Debris flows are the most prevalent and destructive mass wasting type in the southern Appalachians yet the recent identification of a debris flow topographic signature has not been incorporated into landslide inventories. A scaling transition in log-log plots of drainage area versus local channel slope that can be created from a digital elevation model provides the downstream limit of debris flow activity (A_df). Using a lidar-derived digital elevation model, we have determined an A_df range of 6 to 35 km² in the Oconaluftee River basin in the Great Smoky Mountains National Park (GSMNP) region of the southern Appalachians. Lithologic erodibility contrasts, between Ocoee Supergroup metasedimentary rocks and Grenville gneiss, induce site specific spatial variability to A_df. This diversity yields a study area that is well suited to test an application of this parameter.

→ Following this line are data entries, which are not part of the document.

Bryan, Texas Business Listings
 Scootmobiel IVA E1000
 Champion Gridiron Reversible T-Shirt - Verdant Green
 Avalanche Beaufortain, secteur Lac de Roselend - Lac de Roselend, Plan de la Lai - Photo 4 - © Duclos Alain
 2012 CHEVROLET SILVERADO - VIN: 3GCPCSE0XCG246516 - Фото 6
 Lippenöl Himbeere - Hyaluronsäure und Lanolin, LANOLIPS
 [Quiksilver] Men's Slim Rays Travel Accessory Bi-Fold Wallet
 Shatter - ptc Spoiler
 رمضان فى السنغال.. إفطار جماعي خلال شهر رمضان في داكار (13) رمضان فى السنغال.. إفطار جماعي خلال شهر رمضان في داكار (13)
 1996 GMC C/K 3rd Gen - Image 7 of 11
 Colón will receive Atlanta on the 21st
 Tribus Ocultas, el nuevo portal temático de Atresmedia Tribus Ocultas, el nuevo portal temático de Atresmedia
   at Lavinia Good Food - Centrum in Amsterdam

We present an inventory technique that limits a land classification algorithm to areas that are upstream from the topographic signature of debris flows in five streams in GSMNP. Two inventories were created to determine if this technique improves inventory efficacy: (1) the entire study area, and (2) areas that drain to debris flow-dominated channels. We use topographic derivatives and a vegetation index map created from an aerial photograph to classify debris flow and non-debris flow areas. Classification efficacy was improved by 12% when the inventory was limited to areas upstream of the transition to debris flow-dominated channels. This method allows a more focused approach to statistically characterize the land surface, which resulted in increased inventory accuracy across a landscape with an extensive and relatively well-documented debris flow history.